Se dice que el imperialismo produce colonialismo. Por eso Colonia, fundada por los romanos, es la ciudad mas antigua en Alemania. Después vinieron otros imperios, como el portugués, el español, y el británico, que colonizaron parte del mundo desconocido por los europeos. Pero el neocolonialismo comenzó en 1870, con la segunda revolución industrial, cuyos avances en fabricación, comunicaciones y transporte exigieron una nueva expansión territorial.
En 1875 se reunieron en Berlín las potencias europeas para repartirse el continente africano y el sudeste asiático. El neocolonialismo de esas potencias europeas amplió el mercado para sus nuevas manufacturas, pero también sirvió para obtener materias primas baratas, incluyendo caucho, metales preciosos y diamantes.
Bélgica, Alemania, Gran Bretaña, Francia y Portugal fueron los principales beneficiarios. España obtuvo Guinea Ecuatorial. Pero Estados Unidos se concentró en América Latina, cuyas venas abiertas nunca logró comprender, utilizando el consumo de sus habitantes y los abundantes recursos para crecer.
La llegada de Donald Trump a la presidencia de Estados Unidos representa el inesperado renacimiento de una antigua tendencia aislacionista y proteccionista que podría cambiar el acostumbrado expansionismo.

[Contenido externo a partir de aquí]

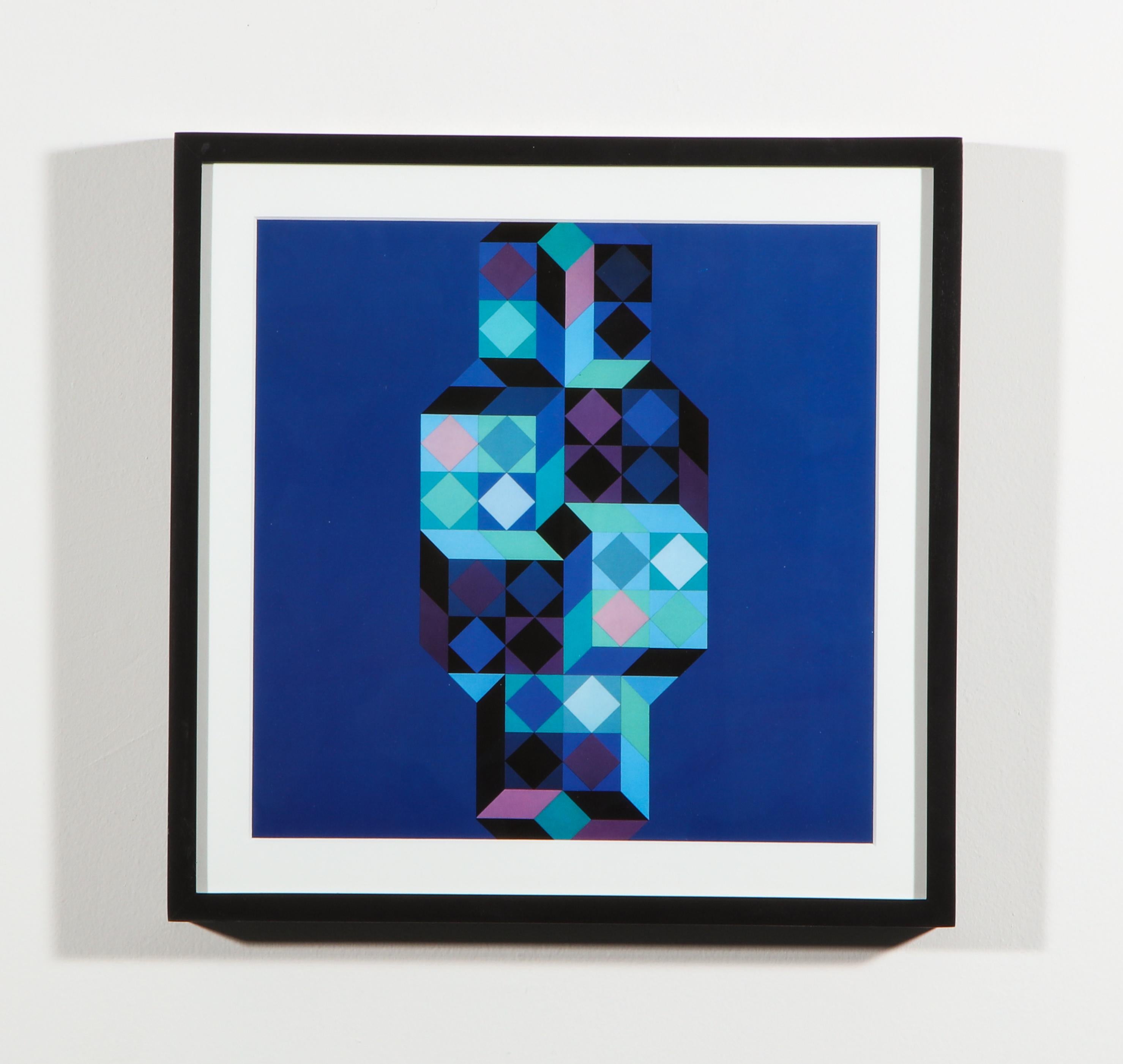 Vasarely a travaillé sur une série majeure, la série Gestalt, qui recoupe la fascination de Vasarely pour l'hexagone. Il s'agit de tirages individuels d'une série imprimée en Suisse en 1971 que nous avons fait encadrer.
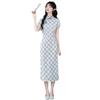 Spring and summer new plaid jacquard young cheongsam, girl small fresh and sweet style literary daily cheongsam woman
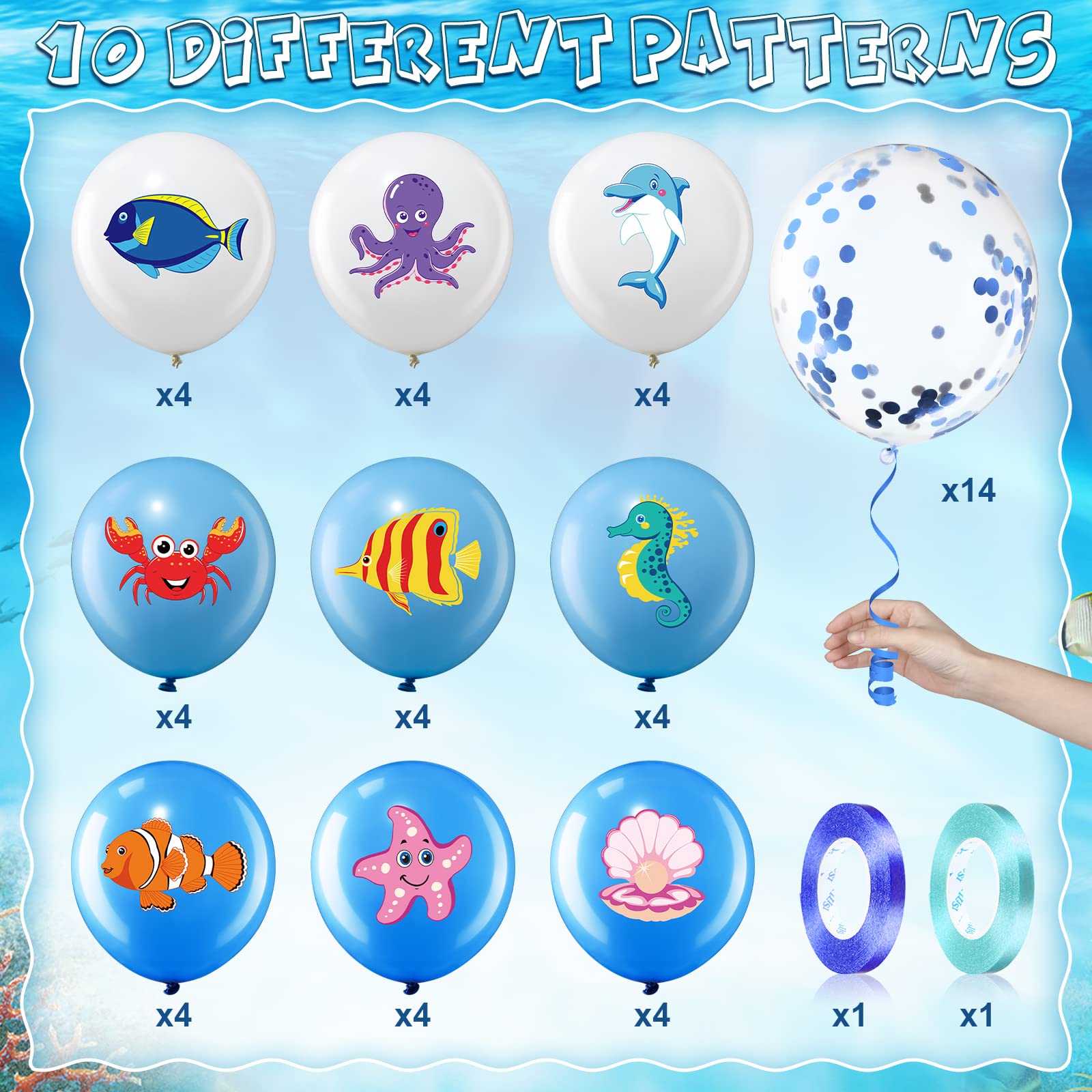 50 Pieces Sea Animals Balloons - Under the Sea Party Decorations, Ocean Theme Latex Balloons for Birthday, Baby Shower & Beach Parties - Perfect for Boys, Girls & Marine Creatures Lovers - Great for Underwater Decor, Pool Parties & Nautical Events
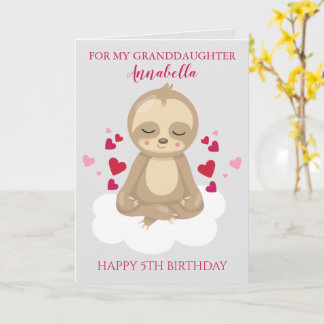 Carte Petite-fille Cinquième Anniversaire Mignon Paresse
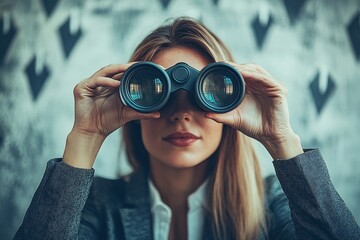 Searching for growth opportunity, vision to look and see future, challenge ahead or motivation to grow business concept, businesswoman on arrows look through binoculars to find business, Generative AI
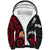 Tahiti Heiva Festival Sherpa Hoodie Floral Pattern With Coat Of Arms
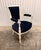 Navy Blue Vintage Classic French “ Petite “ Louis XVI Style Armchairs Featuring Deep Navy Blue Velvet Upholstery - A Pair For Sale - Image 8 of 12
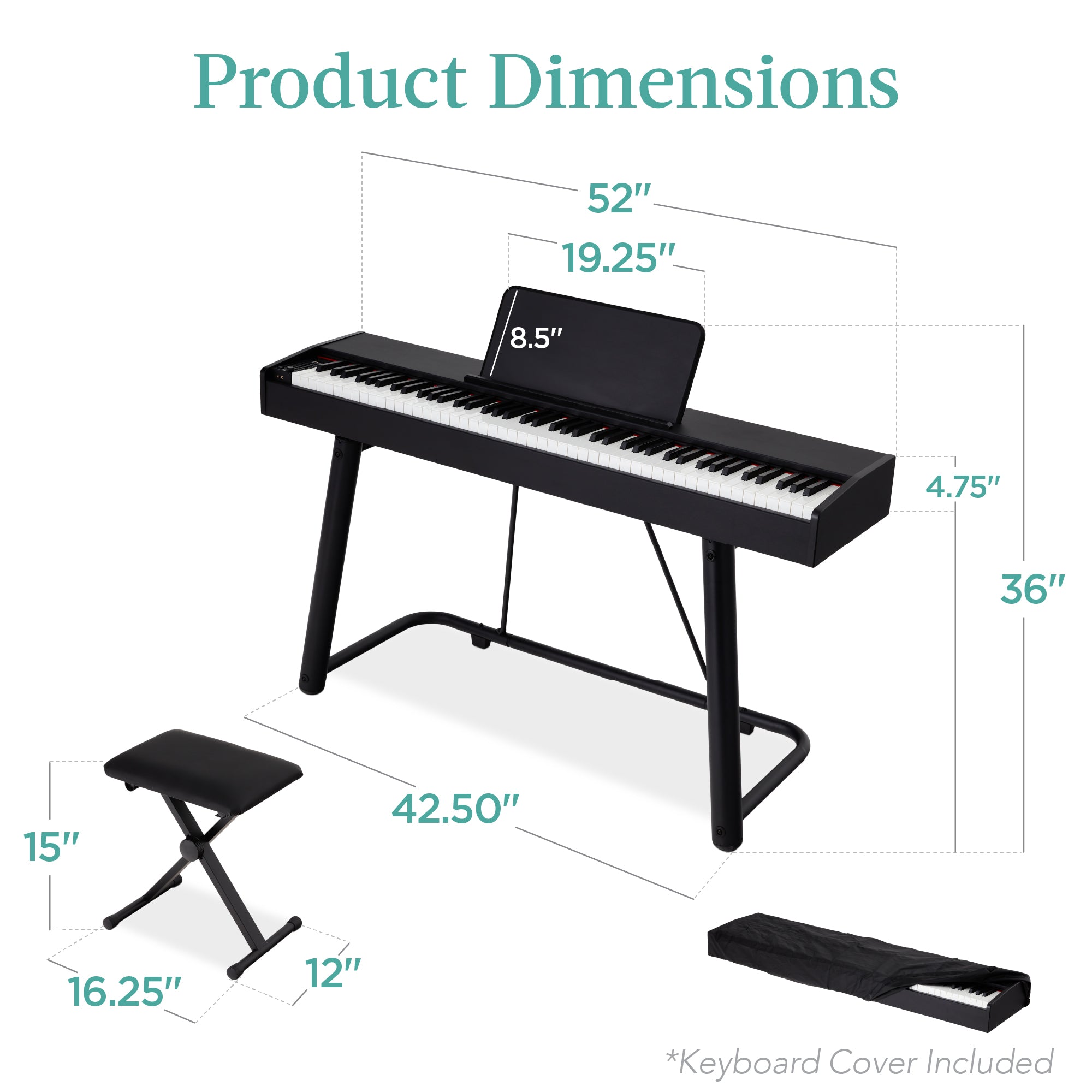 88-Key Weighted Full Size Digital Piano Set w/ U-Stand 3 Sustain Pedal Unit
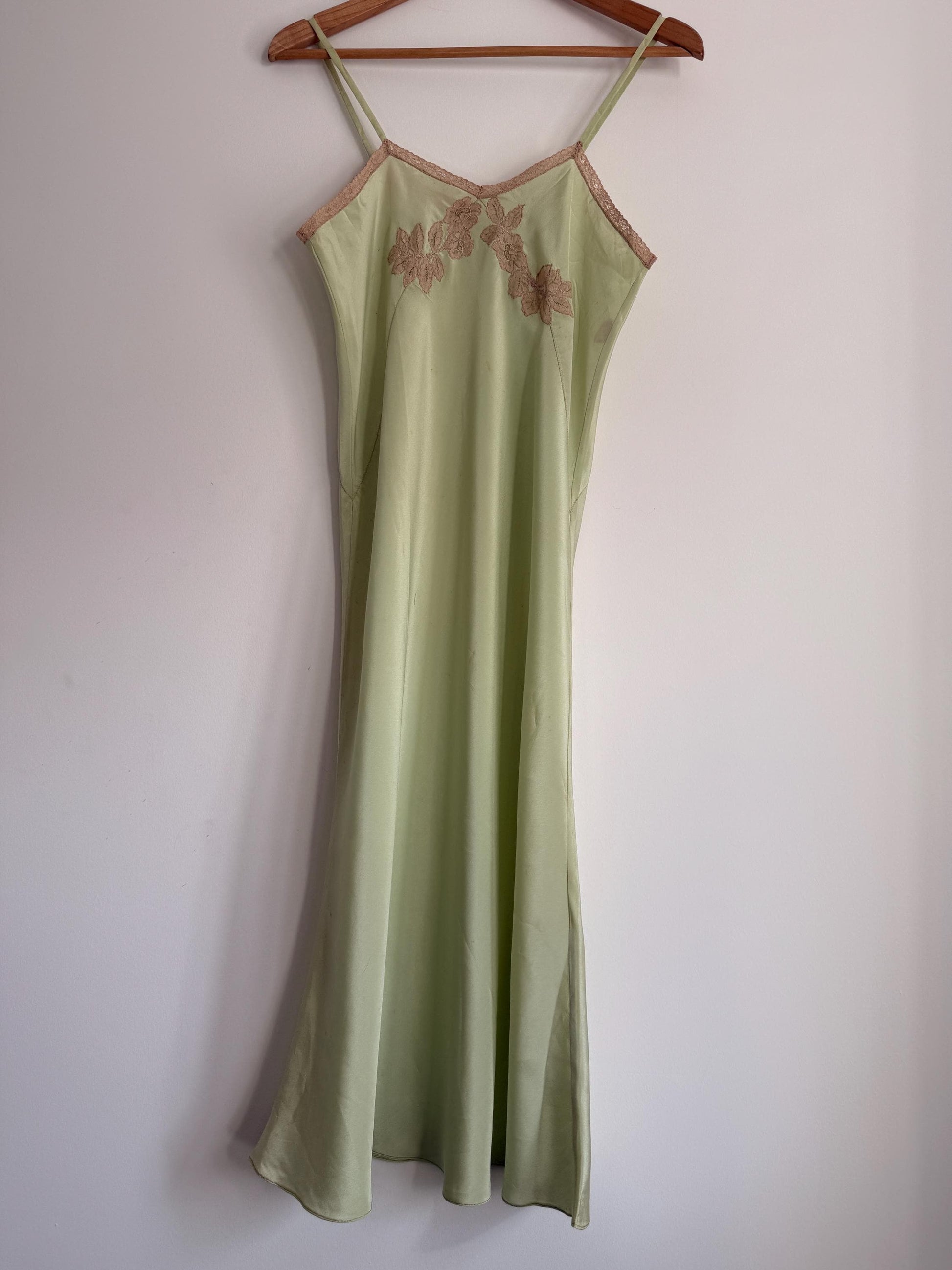1950s Pistachio Green Satin Slip Dress | Full Length Lace Nightdress, Bias Cut Lingerie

La democracia ha sido un baluarte importante del neocolonialismo estadounidense. Pero pueden haber cambios, especialmente en Latinoamérica, un concepto que el Imperio Napoleónico inventó para abarcar, desde Francia, las culturas española, francesa y portuguesa que predominan al sur del Río Grande.
La influencia protestante y anglo-sajona de Estados Unidos, sin embargo, ha sido considerable. La voluntad norteamericana se expresó desde la Doctrina Monroe, en 1823, prohibiendo a las potencias europeas incursionar en su zona.
A partir de la Primera Guerra Mundial, durante la Segunda y en especial desde el fin de la Guerra Fría, Estados Unidos ha extendido su influencia por el mundo, abarcando aspectos socio-económicos, geopolíticos y culturales. Pero su principal aculturación consiste en la exigencia democrática, a veces convertida en anatema. Nuestra admiración y proximidad con esa gran potencia nos hace adoptar muchos de sus mitos y realidades, a veces sin comprenderlos, ni asimilarlos.
Cuando Estados Unidos invadió México, a mediados del siglo XIX, un grupo de mexicanos apoyó la intervención del Presidente Polk y el Congreso de entonces, por lo que fueron llamados Polkos. ¿Será posible que en El Salvador, en el siglo XXI, suceda algo similar? No lo sabemos. Pero si así fuera, los seguidores de Trump, su aislacionismo y proteccionismo, se llamarían Trompos.
Las maras, Macdonalds, Coca Cola; el narcotráfico, el lavado y otros fenómenos socio-culturales son parte de esa aculturación y neocolonialismo, igual que la problemática emigración hacia el norte. Debemos considerar que, al ser dirigida por Trump, la política exterior de Estados Unidos puede hacer giros inesperados, como mover el proyectado muro de Tijuana hasta Panamá, donde Trump tiene una torre y, por ser un estrecho istmo, es mucho mas fácil de controlar que la frontera mexicana. Mesoamérica, en ese caso, se fundiría con el resto de estados de la unión norteamericana, como pudo haberlo hecho desde 1848, con todas las implicaciones socio-económicas, geopolíticas y culturales del caso. ¿Será ese nuestro destino manifiesto?